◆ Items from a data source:

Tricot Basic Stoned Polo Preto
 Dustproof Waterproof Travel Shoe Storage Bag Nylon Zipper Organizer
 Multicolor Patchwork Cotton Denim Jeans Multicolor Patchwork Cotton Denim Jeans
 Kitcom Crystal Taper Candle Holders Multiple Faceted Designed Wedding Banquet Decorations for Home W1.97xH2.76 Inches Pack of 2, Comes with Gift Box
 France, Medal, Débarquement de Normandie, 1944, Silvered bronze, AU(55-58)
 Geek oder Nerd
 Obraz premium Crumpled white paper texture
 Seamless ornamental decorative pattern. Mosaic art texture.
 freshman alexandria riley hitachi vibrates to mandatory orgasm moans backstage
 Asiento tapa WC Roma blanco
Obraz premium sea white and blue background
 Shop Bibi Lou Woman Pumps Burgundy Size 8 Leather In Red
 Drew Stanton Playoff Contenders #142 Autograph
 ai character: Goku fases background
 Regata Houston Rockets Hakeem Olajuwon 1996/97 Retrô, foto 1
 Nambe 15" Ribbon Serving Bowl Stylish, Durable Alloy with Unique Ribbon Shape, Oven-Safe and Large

◆ WHAT YOU HAVE TO DO:
Where a line of the data above includes the string "premium", pull it out.

◆ RESPONSE TO THIS EXERCISE:
 Obraz premium Crumpled white paper texture
Obraz premium sea white and blue background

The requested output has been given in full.